[[ Available data, beginning ]]

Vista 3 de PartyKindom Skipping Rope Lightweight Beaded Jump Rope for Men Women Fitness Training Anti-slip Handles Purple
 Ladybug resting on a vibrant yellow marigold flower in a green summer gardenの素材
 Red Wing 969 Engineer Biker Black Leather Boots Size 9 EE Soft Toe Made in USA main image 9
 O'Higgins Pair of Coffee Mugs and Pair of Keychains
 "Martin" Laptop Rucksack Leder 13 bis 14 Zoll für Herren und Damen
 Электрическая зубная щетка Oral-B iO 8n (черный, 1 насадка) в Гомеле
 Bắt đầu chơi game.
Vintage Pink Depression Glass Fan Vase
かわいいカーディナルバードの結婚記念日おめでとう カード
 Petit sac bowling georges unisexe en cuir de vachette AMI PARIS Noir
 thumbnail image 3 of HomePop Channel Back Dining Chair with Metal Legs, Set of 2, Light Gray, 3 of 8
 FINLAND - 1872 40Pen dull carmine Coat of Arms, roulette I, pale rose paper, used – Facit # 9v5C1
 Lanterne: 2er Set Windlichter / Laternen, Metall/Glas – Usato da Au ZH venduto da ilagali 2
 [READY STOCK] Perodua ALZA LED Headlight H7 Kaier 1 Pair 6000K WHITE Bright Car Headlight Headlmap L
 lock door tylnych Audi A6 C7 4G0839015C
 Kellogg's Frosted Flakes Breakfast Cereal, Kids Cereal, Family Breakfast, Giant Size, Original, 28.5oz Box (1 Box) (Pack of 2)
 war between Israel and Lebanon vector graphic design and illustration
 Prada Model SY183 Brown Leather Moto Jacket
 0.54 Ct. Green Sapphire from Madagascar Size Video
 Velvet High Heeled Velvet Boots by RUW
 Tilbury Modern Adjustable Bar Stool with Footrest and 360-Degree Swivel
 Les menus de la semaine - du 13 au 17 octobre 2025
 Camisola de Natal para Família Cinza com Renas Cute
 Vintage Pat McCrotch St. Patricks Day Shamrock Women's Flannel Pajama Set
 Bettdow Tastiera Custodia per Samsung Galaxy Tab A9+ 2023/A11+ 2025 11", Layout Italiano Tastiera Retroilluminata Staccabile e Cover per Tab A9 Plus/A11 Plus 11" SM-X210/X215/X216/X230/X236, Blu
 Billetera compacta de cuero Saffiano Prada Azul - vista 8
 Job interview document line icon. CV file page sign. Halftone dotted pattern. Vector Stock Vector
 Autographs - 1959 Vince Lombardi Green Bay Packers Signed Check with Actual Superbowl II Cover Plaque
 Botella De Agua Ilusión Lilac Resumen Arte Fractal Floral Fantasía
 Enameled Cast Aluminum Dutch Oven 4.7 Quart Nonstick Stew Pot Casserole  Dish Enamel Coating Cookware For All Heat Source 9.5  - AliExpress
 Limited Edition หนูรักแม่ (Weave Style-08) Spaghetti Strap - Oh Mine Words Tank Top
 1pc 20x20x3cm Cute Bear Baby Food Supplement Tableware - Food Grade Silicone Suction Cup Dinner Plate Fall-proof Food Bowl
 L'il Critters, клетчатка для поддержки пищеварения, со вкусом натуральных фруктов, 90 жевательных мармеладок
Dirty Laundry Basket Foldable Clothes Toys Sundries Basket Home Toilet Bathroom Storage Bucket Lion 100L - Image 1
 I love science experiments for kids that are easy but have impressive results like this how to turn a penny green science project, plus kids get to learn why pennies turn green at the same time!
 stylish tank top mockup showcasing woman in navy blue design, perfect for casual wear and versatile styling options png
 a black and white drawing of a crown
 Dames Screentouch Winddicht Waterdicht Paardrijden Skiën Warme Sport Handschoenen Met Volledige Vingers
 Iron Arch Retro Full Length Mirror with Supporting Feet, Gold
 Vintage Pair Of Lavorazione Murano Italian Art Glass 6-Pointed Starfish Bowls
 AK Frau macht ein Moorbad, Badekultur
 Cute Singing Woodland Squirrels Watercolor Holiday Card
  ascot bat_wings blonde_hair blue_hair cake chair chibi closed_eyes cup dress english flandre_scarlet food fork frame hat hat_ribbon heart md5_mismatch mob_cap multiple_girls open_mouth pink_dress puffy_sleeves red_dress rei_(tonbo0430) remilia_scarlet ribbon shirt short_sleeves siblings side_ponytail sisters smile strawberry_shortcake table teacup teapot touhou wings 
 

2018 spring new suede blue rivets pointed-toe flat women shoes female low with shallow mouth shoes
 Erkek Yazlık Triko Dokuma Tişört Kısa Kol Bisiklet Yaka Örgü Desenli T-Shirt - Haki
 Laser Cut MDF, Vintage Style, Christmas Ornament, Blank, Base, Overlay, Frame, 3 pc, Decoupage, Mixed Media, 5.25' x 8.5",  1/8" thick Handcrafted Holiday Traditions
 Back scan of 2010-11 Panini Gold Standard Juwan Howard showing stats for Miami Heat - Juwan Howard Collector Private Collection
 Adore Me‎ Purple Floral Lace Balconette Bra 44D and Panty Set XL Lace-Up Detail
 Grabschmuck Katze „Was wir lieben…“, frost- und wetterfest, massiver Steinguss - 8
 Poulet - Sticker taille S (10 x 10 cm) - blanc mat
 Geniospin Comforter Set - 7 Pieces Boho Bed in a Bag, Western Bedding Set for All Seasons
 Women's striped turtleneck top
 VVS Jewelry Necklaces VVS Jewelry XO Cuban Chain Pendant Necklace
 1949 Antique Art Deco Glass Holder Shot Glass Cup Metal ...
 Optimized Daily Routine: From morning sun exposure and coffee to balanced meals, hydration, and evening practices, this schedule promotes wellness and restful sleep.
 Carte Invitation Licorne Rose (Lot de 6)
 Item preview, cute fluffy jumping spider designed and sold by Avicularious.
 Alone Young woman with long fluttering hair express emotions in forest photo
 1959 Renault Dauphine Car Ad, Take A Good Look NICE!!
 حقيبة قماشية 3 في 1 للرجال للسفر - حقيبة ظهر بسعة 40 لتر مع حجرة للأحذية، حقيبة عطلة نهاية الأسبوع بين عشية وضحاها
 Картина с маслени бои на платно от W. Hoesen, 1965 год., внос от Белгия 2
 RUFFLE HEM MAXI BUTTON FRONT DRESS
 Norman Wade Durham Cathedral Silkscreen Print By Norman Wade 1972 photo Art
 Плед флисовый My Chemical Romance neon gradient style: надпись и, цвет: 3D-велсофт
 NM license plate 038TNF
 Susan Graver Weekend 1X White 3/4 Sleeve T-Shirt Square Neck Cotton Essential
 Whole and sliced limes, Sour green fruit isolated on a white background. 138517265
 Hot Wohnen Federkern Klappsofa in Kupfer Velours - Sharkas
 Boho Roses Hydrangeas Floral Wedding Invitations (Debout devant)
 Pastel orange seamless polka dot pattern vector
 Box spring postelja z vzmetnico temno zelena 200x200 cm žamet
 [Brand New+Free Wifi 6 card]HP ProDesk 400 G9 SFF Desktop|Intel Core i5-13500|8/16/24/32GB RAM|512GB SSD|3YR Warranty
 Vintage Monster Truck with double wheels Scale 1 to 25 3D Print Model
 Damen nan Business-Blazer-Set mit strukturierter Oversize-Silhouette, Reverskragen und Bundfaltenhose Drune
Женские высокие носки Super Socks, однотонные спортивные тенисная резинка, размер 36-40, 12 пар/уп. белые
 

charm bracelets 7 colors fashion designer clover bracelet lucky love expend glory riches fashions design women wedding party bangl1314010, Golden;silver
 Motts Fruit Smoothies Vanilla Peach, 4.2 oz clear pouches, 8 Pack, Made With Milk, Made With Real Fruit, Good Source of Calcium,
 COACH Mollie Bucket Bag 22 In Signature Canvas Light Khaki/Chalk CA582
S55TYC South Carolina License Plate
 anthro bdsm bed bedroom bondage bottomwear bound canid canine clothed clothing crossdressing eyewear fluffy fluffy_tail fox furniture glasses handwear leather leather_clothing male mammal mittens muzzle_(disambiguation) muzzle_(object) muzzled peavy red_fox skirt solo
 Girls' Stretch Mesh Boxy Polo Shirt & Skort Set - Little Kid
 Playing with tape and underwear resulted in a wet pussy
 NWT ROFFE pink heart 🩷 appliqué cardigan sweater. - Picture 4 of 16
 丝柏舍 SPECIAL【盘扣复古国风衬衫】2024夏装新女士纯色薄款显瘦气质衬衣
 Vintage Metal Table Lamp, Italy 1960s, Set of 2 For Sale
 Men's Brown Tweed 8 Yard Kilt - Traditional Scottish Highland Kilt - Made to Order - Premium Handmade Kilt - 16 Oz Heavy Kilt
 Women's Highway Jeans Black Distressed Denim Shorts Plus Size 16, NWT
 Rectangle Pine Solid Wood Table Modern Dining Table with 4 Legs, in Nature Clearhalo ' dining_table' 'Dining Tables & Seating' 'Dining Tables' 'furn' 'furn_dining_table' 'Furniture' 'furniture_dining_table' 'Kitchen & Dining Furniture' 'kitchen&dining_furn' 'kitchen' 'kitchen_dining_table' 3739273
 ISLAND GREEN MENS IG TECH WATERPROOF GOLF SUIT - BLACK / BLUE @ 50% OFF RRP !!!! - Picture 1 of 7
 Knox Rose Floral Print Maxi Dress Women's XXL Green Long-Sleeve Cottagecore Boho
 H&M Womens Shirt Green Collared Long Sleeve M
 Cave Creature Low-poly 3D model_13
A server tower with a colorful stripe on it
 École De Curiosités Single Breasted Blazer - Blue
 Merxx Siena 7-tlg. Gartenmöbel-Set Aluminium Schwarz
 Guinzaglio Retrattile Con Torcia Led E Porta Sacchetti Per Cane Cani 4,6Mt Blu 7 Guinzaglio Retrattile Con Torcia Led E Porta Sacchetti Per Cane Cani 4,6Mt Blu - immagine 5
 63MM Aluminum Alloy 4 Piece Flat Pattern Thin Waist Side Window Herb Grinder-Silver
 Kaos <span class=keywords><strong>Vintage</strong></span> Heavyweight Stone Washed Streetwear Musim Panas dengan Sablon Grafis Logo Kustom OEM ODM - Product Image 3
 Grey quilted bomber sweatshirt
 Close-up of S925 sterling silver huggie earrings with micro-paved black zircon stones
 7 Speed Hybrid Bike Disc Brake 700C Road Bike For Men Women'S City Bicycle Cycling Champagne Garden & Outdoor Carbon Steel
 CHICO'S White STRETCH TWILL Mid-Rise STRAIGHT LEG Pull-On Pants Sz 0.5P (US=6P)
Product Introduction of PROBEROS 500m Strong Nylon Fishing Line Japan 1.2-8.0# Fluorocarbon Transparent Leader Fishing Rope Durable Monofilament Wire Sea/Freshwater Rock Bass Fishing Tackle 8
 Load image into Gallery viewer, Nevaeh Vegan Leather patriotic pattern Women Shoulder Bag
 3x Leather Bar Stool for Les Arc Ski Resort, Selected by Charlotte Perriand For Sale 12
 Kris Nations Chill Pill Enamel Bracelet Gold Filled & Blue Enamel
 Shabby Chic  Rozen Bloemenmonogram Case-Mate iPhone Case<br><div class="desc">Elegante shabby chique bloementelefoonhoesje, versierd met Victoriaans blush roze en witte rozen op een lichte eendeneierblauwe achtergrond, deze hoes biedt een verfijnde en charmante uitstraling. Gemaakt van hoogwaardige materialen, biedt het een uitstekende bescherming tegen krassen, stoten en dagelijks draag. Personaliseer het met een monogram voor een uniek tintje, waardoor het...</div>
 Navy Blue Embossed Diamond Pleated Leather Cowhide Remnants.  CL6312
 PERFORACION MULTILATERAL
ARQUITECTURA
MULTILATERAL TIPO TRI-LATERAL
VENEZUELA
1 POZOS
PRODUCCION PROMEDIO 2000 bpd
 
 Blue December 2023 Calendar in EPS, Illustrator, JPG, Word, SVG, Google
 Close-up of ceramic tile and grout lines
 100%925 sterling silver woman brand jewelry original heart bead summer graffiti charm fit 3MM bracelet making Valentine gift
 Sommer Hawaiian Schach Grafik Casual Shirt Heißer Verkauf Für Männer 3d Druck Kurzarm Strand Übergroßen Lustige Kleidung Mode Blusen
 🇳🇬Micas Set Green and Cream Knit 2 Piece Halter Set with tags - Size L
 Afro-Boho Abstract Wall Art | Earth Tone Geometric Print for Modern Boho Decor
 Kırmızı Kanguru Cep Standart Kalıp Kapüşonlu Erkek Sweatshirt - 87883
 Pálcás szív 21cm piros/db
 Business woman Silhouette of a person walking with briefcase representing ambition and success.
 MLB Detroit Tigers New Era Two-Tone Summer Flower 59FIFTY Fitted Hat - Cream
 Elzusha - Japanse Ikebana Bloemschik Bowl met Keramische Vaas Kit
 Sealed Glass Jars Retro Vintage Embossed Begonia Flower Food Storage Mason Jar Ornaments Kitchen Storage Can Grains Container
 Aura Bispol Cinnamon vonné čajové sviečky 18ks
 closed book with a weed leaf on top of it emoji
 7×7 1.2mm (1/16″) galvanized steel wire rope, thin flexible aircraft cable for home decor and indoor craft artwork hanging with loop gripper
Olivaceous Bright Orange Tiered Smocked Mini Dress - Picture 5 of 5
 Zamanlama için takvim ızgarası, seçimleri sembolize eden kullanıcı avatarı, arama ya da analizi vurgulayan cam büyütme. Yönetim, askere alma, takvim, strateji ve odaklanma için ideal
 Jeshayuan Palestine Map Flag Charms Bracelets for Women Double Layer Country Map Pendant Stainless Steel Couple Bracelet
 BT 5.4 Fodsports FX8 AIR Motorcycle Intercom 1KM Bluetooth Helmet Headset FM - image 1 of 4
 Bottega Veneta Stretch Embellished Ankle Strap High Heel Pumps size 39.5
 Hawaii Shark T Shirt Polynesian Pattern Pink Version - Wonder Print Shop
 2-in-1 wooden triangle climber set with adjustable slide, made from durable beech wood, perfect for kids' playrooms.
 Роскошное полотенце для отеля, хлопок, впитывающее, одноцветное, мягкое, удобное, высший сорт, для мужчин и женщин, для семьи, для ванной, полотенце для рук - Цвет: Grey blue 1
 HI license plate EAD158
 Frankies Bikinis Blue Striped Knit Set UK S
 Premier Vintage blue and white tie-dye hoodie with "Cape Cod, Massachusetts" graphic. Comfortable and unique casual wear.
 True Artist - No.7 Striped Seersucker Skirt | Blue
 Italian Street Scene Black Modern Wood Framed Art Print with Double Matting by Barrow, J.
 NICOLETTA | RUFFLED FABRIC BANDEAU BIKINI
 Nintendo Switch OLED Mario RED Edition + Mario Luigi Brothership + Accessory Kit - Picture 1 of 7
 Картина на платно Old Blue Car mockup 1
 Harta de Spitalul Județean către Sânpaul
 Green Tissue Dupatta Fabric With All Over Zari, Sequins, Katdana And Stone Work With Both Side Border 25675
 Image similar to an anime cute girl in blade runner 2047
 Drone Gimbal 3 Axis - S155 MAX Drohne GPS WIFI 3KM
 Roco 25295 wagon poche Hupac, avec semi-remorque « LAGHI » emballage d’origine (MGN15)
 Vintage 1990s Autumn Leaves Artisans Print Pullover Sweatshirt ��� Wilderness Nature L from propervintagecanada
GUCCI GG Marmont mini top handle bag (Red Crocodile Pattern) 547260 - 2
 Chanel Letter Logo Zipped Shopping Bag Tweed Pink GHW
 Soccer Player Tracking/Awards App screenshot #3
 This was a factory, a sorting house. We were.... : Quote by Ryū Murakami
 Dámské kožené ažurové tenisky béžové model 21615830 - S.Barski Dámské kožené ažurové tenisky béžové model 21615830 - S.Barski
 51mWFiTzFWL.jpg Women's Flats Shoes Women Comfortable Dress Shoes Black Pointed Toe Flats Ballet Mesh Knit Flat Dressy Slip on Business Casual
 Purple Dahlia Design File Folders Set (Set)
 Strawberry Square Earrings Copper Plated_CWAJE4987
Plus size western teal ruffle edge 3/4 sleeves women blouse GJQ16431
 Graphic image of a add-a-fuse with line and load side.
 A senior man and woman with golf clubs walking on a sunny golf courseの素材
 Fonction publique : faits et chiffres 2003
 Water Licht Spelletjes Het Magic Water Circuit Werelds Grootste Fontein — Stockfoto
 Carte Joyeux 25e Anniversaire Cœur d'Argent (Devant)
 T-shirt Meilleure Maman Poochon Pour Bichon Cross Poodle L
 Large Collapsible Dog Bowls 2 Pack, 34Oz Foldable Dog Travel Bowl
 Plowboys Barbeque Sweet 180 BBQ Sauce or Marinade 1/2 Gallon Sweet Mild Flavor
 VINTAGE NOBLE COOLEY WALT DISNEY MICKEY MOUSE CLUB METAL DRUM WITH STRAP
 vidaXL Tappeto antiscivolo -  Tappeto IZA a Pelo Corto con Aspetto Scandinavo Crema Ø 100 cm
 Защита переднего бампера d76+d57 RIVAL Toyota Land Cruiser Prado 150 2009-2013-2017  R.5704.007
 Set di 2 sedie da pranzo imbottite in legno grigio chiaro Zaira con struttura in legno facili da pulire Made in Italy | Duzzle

[[ Available data, end ]]

Only lines with the word "Purple" are wanted, so copy each one from the records.

Worked solution:
Vista 3 de PartyKindom Skipping Rope Lightweight Beaded Jump Rope for Men Women Fitness Training Anti-slip Handles Purple
 Adore Me‎ Purple Floral Lace Balconette Bra 44D and Panty Set XL Lace-Up Detail
 Purple Dahlia Design File Folders Set (Set)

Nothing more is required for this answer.